So being famous is a tricky business. You hold an uncertain place in the public’s affections. On Twitter the tower/teeter dichotomy is even more bizarre as those famous ones who boast thousands of followers are often plagued by those who love to hate them. Or, as my mother would put it, those who “really can’t stick him!”

Poor Robbie Savage, for example, puts up with loads of banter yet happily retweets the nasty messages posted against him. Former England rugby star Matt Dawson though is less sanguine. He lost it this week, stroppily tweeting, “Not doing anything today. If you don’t want to know about my life stop following me.” It was something along those lines anyway and I have some sympathy for him. Only a bit mind because I also have some sympathy for his love-to-hate followers.

And that’s because I have a confession to make. I really enjoy disliking England’s Chris Ashton. And Dylan Hartley. There’s just something about what I perceive to be their schoolboy arrogance that really gets me. All that swallow-diving and posturing on the pitch. Okay so Ashton, or Ashtray as he is delightfully known in some quarters, is the only player in the history of Six Nations to score four tries in one game, but did he have to perform that idiotic swallow-dive for two of them?

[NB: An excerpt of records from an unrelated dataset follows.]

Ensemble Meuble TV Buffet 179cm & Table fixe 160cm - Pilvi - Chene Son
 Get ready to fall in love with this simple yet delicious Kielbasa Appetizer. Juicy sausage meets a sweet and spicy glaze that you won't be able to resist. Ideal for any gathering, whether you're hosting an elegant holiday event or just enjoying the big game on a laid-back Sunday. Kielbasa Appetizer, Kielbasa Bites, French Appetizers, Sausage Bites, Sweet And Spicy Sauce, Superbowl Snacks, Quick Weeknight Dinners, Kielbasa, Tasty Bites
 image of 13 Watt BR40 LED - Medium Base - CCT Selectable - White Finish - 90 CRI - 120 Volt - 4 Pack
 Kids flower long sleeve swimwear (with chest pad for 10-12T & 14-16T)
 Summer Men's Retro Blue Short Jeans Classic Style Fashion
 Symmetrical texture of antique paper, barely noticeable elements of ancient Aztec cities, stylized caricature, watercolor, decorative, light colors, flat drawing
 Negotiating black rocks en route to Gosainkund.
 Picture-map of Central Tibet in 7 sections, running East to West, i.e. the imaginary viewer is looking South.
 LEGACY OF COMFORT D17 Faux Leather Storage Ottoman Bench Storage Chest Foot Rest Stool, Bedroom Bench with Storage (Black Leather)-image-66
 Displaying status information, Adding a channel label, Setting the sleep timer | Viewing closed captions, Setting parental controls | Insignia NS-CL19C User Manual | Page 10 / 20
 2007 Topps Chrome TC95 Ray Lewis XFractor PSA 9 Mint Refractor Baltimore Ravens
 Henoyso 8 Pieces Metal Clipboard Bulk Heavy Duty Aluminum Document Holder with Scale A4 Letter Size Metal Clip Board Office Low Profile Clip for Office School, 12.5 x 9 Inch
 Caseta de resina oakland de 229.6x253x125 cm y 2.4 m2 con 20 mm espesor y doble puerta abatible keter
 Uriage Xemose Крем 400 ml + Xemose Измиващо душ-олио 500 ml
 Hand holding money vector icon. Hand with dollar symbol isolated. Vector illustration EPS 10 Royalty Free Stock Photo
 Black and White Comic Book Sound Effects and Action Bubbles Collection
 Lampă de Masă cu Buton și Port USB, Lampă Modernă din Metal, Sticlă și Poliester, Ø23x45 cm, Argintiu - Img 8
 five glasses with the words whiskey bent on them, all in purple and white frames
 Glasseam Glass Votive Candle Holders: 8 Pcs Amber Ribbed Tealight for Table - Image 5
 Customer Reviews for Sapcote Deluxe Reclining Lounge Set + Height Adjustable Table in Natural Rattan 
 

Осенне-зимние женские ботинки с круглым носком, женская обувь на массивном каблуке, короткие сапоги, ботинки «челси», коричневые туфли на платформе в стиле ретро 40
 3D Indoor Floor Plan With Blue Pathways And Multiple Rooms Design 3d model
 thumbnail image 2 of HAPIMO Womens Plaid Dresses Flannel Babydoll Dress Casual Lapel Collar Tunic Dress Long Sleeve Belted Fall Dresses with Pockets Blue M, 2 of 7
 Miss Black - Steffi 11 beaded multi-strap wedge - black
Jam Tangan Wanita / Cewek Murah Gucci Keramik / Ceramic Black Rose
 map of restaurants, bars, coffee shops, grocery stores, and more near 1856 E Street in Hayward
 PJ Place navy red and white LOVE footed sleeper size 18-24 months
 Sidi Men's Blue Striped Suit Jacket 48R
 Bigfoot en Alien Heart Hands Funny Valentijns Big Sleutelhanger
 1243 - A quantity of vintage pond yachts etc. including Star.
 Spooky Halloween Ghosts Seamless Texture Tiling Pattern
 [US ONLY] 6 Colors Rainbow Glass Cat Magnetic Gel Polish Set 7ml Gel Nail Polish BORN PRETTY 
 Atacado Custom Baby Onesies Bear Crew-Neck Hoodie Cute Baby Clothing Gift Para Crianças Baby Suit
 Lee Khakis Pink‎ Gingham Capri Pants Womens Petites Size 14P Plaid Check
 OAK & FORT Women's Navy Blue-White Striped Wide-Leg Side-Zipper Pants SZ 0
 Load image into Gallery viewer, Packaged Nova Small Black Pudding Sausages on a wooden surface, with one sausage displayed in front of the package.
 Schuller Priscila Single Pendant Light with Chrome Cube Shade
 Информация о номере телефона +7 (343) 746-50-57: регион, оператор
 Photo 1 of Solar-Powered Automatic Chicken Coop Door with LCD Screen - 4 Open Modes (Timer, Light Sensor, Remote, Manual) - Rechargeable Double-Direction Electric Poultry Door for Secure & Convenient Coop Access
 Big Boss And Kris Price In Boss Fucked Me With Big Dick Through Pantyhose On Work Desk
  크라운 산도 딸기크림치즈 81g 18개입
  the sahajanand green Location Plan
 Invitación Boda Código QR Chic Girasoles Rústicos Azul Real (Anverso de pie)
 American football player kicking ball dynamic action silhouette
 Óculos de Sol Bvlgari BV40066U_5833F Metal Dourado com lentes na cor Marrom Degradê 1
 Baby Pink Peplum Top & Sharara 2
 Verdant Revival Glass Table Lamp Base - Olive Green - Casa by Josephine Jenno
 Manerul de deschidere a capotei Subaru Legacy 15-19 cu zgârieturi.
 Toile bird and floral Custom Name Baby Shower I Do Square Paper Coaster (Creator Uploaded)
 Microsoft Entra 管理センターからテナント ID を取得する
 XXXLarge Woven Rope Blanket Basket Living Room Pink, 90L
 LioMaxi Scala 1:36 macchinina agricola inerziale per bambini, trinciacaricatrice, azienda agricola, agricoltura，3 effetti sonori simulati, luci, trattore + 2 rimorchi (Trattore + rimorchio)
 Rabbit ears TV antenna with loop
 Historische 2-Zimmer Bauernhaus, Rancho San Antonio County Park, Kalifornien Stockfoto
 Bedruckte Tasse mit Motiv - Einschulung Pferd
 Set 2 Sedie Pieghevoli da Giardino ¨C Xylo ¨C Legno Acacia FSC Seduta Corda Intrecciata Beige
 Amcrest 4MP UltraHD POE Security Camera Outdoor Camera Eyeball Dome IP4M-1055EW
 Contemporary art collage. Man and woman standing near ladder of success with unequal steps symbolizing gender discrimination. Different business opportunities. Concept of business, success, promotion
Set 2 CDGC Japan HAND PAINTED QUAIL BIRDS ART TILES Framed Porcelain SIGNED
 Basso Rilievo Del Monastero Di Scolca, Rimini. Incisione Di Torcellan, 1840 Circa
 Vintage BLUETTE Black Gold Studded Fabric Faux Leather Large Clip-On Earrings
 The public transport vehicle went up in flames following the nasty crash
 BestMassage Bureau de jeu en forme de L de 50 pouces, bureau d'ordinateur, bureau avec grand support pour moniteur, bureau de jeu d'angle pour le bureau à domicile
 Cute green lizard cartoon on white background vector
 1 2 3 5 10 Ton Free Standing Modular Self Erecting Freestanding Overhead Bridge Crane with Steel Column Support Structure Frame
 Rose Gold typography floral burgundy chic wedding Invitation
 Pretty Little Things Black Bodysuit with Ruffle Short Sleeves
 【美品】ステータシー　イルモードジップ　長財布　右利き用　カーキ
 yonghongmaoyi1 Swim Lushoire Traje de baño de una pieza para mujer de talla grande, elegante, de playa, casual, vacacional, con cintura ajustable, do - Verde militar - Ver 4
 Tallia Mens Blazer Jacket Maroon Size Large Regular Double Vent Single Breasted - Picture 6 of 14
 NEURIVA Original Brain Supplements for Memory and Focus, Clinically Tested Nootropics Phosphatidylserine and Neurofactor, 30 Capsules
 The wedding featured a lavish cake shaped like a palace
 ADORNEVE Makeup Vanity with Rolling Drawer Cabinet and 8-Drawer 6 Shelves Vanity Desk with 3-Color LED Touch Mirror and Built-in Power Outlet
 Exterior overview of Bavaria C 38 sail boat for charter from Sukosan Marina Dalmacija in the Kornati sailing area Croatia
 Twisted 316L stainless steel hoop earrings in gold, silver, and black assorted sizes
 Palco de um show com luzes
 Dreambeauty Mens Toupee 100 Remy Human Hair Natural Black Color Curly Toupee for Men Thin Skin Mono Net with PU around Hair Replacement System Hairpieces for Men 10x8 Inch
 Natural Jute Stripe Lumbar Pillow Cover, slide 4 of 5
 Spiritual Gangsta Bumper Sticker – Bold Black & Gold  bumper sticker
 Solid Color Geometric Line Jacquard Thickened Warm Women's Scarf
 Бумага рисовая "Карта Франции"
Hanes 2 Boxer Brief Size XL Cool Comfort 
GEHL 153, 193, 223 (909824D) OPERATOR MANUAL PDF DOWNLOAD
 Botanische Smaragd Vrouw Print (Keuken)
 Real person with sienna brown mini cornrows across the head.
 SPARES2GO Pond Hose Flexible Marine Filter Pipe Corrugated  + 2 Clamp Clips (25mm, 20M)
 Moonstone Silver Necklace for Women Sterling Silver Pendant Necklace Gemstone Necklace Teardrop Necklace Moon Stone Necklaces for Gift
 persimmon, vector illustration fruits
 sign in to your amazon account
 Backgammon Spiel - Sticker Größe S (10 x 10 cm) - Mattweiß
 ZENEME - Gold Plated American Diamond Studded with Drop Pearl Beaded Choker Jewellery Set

When Shane Williams performs some little acrobatic flourish I swell inside. When Ashton does it I cringe. “Prince of Wings,” I sigh. “Prat of Wings”, I grimace. I realise my Janus facedness and so I’ve chastised myself saying I’m being harsh, that maybe he’s not such a prat in real life.

To that I can now say, “Ha!” There really is nothing quite so gratifying as having your prejudices confirmed. I was at Old Deer Park last Sunday watching London Welsh beat Bedford and earn a place in the final play-offs for a chance to enter the Premiership. It was a joyful clash with the Exiles rising to the occasion.

Ashton, Dylan Hartley and other polo-shirted, pecs-flexing lookey-likeys behaved impeccably as the game ran on. Guffawing and swigging their icy lager in plastic glasses, they fitted in among the rugby crowd. But once the game was over, the gang swaggered to the practice pitch. There they decided that what they really needed to do was to perform chin-ups using the rugby posts’ crossbar. As the uprights bent and buckled under the weight of 15-stone-a-piece English internationals peacocking their strength a middle-aged, rotund, red-breasted Welsh man walked past. Unimpressed he deadpanned, “Watch you don’t break the posts, boys.”

Ashton stopped his antics. The muscled Englishmen shuffled off.

Smaller, yes, way smaller than they seem on telly.